Le profil de l’emploi
L’intérêt de Crawford pour l’environnement est né d’une expérience de jeunesse : lors d’une randonnée en plongée en Ontario, il a involontairement ingéré de l’huile à moteur d’une nappe de pétrole dans la rivière causée par une fuite d’un réservoir de stockage de produits pétroliers. Crawford affirme que cette expérience personnelle, jumelée aux images d’animaux couverts de pétrole brut quand le Exxon Valdez a sombré en 1989, l’ont mené à se passer la remarque : « il doit y avoir une meilleure solution! »
Après s’être décidé à suivre une formation en comptabilité environnementale, Crawford a participé à la mise en œuvre et au développement du programme de recyclage « boîtes bleues » au Manitoba. Il a créé un protocole pour documenter les coûts des programmes de recyclage des municipalités au Canada, lequel est, depuis, devenu une norme nationale. « Cette expérience m’a permis d’acquérir les compétences nécessaires pour devenir un SE », confie t il.
Selon Crawford, la plus grande valeur que son titre de SE (spécialiste en environnement) peut lui apporter, c’est la crédibilité—une norme professionnelle élevée dotée d’une reconnaissance nationale, qu’il juge de valeur équivalente à son titre de CMA (comptable en management crédité). Crawford affirme que grâce à l’obtention de la certification SE, il jouit d’une reconnaissance d’un tiers parti, tant en matière de gestion des déchets solides qu’en comptabilité environnementale.
« L’agrément me permet de documenter et d’authentifier mes compétences et mon expérience, ce qui constitue un outil de communication et de gestion très puissant », dit il. « D’un point de vue international, mon agrément en tant que SE est utile pour me donner de la crédibilité dans mes missions à l’étranger, particulièrement là où aucun processus de certification équivalent n’existe. »
Crawford conseille aux futurs professionnels de combiner leurs diplômes à de l’expérience pratique. « Comme j’ai eu à embaucher à la fois des employés permanents et des consultants, je tiens toujours compte des études du candidat et de son expérience pratique avant de prendre une décision », affirme Crawford. « À mon avis, un équilibre entre les deux est essentiel. »

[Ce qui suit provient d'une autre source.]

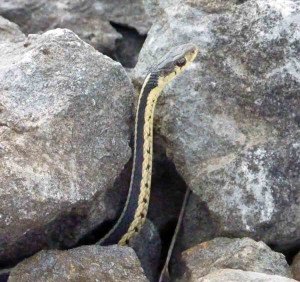 The party's over.  Now for a summer of eating frogs and staying off the road.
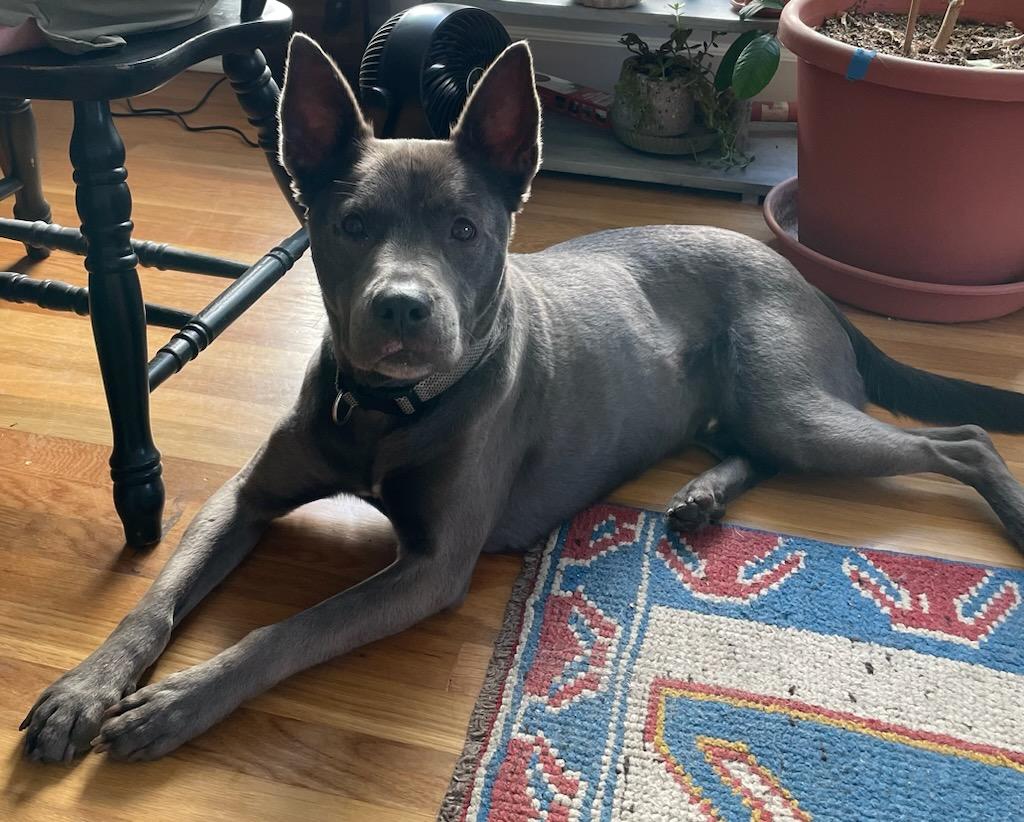 Tucker - Courtesy Listing see, a Adoptable mixed breed in Polson, MT image 3/4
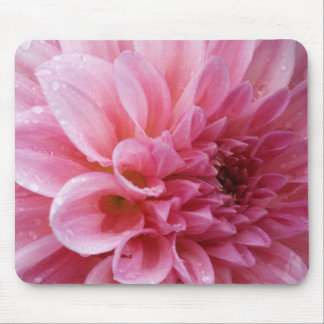Crisântemo cor-de-rosa Mousepad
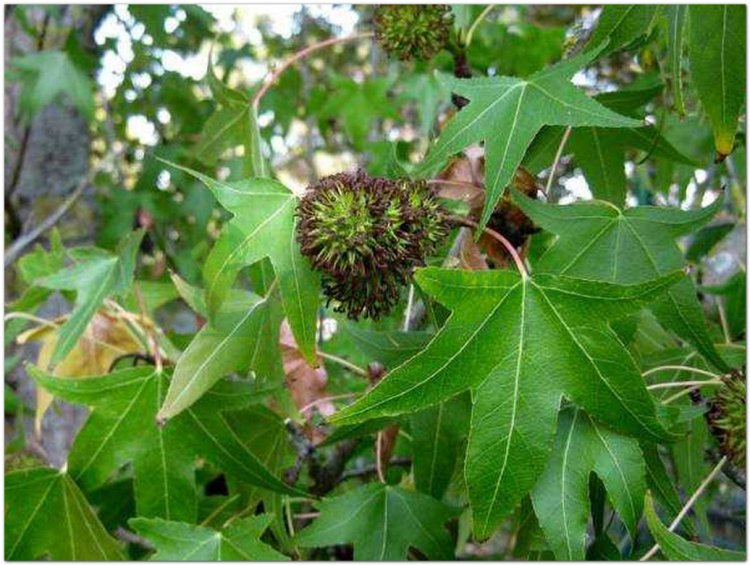 Tô hạp hương, Sâu đông, Thâu đông (Liquidambar orientalis Mill)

Pour avoir du succès, il suggère également aux futurs professionnels de se familiariser avec les protocoles de gestions de projets officiels. « Les SE qui réussissent prospéreront dans ce type d’environnement », ajoute t il.
Poursuivre la tendance en matière de développement durable
Crawford se voit bien, à l’avenir, travailler pour un organisme qui tirera profit de son expérience de haute direction et de ses connaissances pratiques environnementales. Son agrément de SE, combiné à sa vaste expérience de la gestion de déchets solides, lui garantit que, quelle que soit la voie qu’il prendra, il obtiendra des résultats, tant sur les plans économique, social et environnemental.